Our Founding Fathers would have loved the Moutza of the Month.
They fought a powerful king and his great armies, and they revered the ancient Greeks. One of the founders had a special credo, perhaps the best one ever, one that Americans should remember: Live Free or Die.
And those of us who give the open hand of the Moutza to the powerful and the stupid are a people who are still free.
We live free and we Moutza. Our forefathers would be quite proud.
So let's award the Moutza of the Month for June.
Extend your palm, or palms, in the ancient fashion. Thrust those naked palms at the offender. Say the magic words: "Nah!" and "Feesa etho" (blow right here).
In Japan, middle-schoolers tried to win it by licking eyeballs. In Chicago, a mayor all but killed (albeit metaphorically) the greatest hockey player in our city's history.
On Facebook, where Moutza of the Month nominations are often posted, reader Paul K. nominated perhaps the creepiest Hollywood actor.
"Michael Douglas, for telling us more about his sex life than we need to know."

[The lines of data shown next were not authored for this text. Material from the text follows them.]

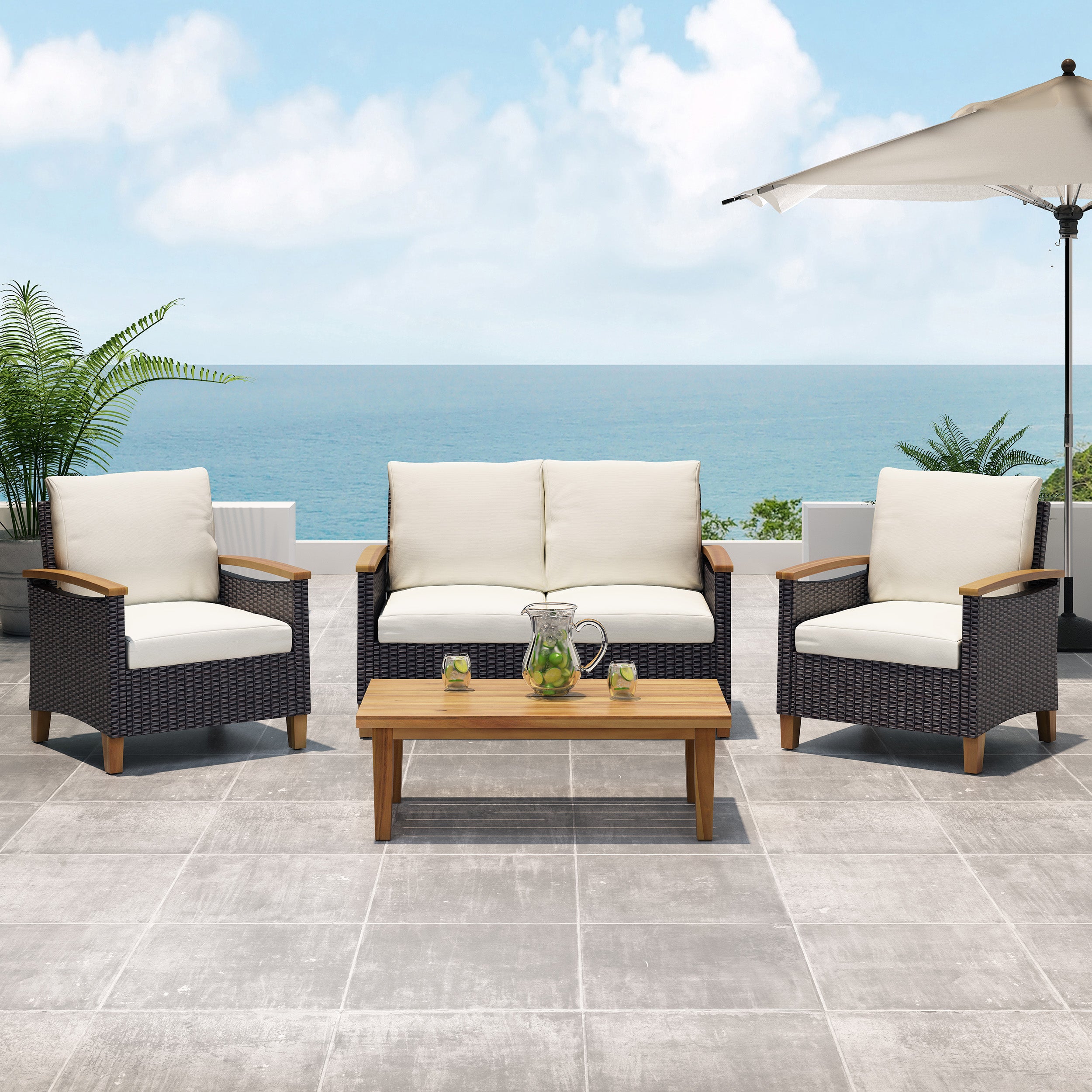 Velthur Outdoor 4 Seater Chat Set with Coffee Table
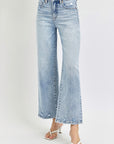 RISEN Full Size Tummy Control High Rise Crop Wide Leg Jeans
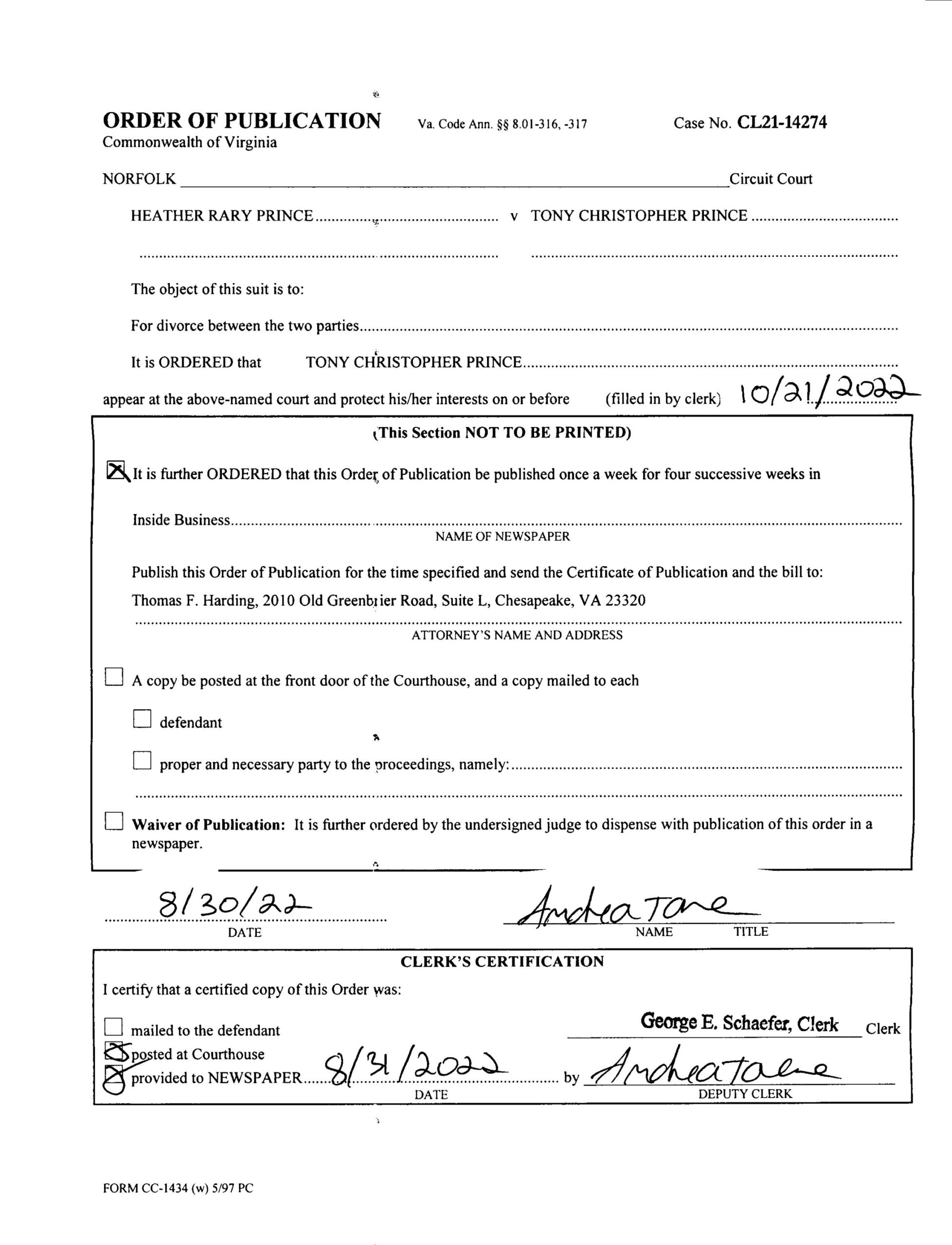 CL21-14274 ORDER OF PUBLICATION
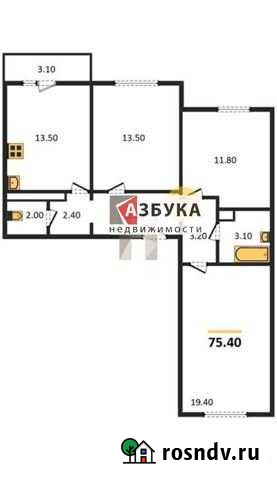 3-комнатная квартира, 75.4 м², 10/17 эт. на продажу в Воронеже Воронеж - изображение 1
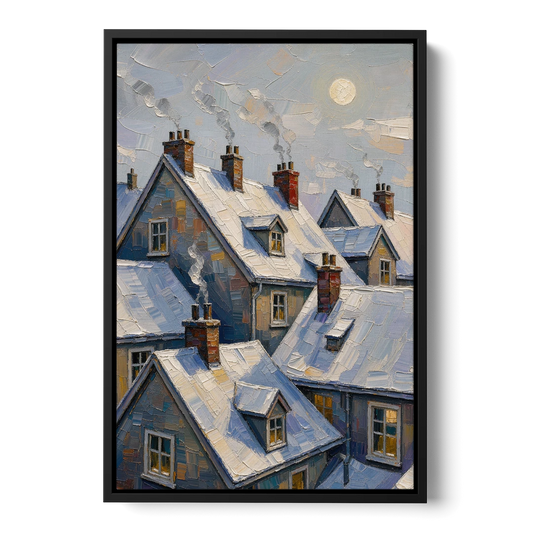 Christmas Moonlit Rooftops and Chimneys for the Mantel - Black Framed Canvas Wall Art - Front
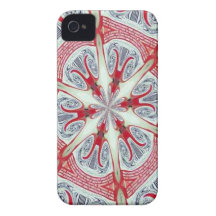 Red and white kaleidoscope pattern iPhone 4 Case-Mate cases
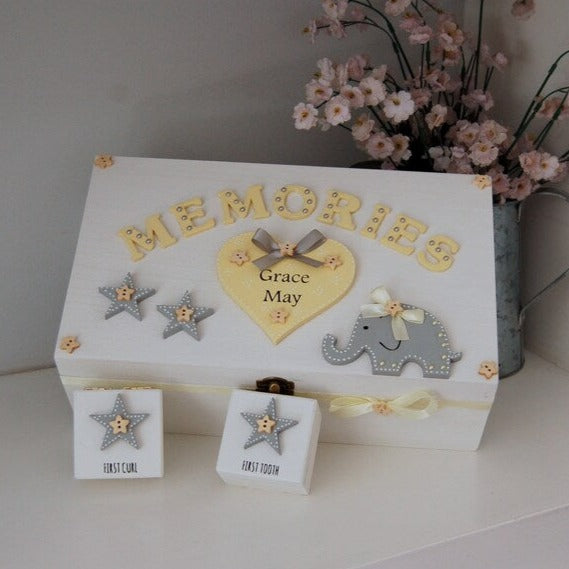 New Baby Keepsake Memory Box with Elephant and Star Design Personalised with Babies Name
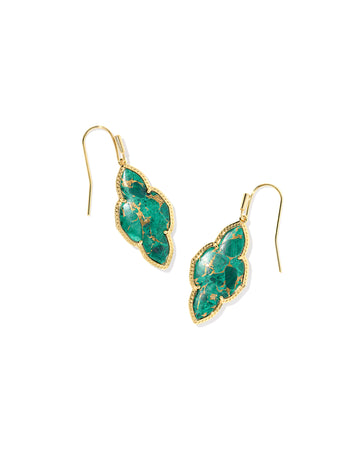 KENDRA SCOTT- Abbie Gold Drop Earrings in Bronze Veined Malachite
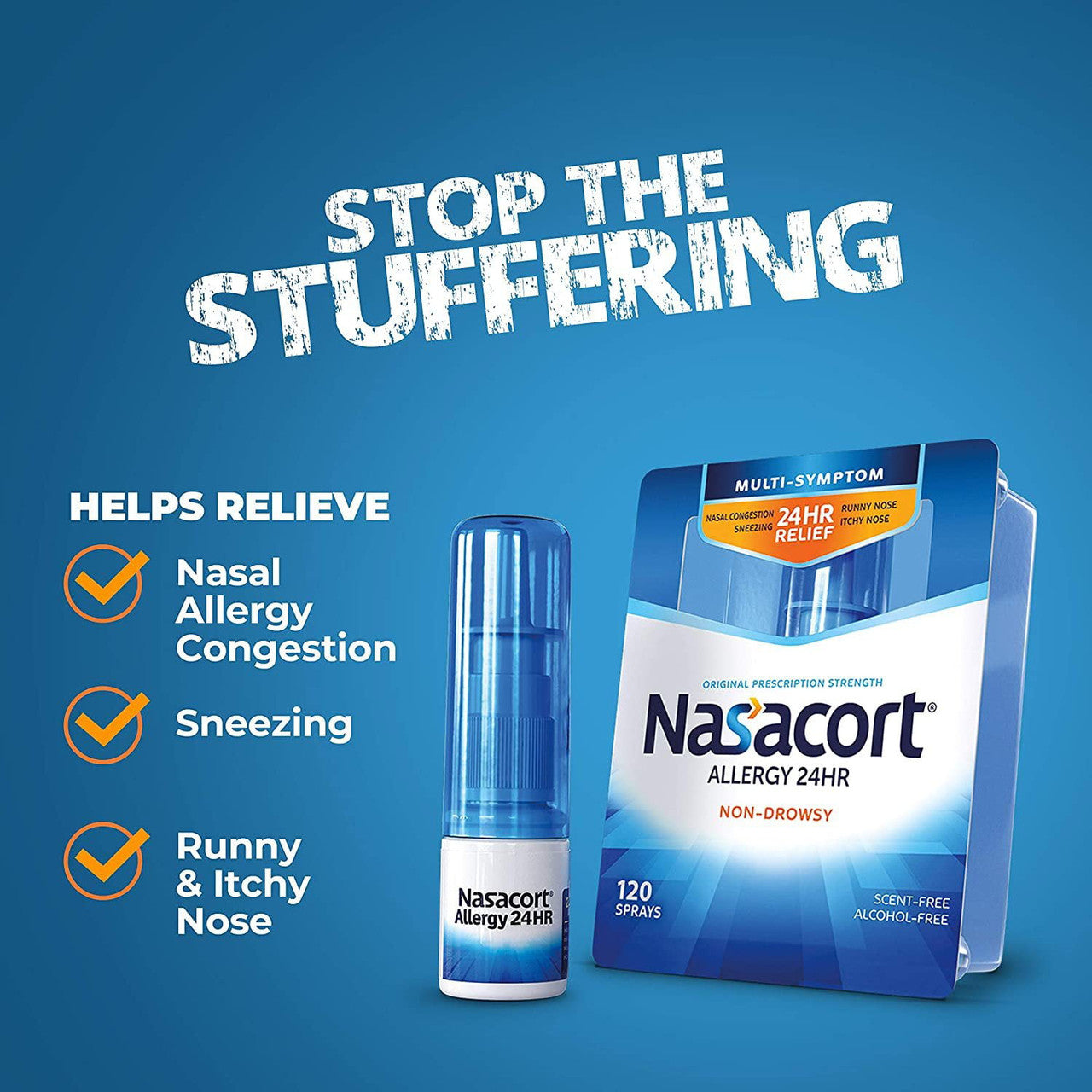 Nasacort 24HR Allergy Nasal Spray, Non-drowsy, 60 Sprays, 0.37 fl. oz. - GOODSZON Discount Store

Chicago Mayor Rahm Emanuel eagerly extended his 9.5 fingers in reaching for the Moutza of the Month right after the Blackhawks won the Stanley Cup.
"I grew up in the Stan Mikita-Bobby Hull era," Emanuel said on WMVP-AM 1000. "And I think, you know, Bobby's looking down on this team with great admiration."
Bobby Hull looking down? Mayor Rahmfather, Bobby Hull ain't dead. And our hands are very much alive:
"Paula Deen, hands down, for ending her Matt Lauer interview with 'I is what I is,'" insisted reader Emil S.
Let others debate whether there is a statute of limitations on Deen's white racist speech of decades ago. What kills me is that it was only a matter of time until those two comic race hustlers, the Rev. Al "Tawana Brawley" Sharpton and the Rev. Jesse "King of Beers" Jackson, were drawn to Deen.
Three Moutzes waiting. And please, don't try talking to the hand. It doesn't have ears to hear.
Nah! Nah! Nah!
Meanwhile, IRS agents obviously became bored with harassing libertarians and conservatives, so they used their government credit cards for porn, wine, massages and other treats.
Reader Steve B. wants President Barack Obama to get a Moutza (but I refuse to Moutza the president) and the White House and IRS for "trying to spin the fact that liberal groups were being flagged as much as conservative groups."
Let's remove Obama from the equation and line up the IRS and the political hacks. Groups on the left weren't hounded as fiercely as were those on the right. IRS bosses admitted this.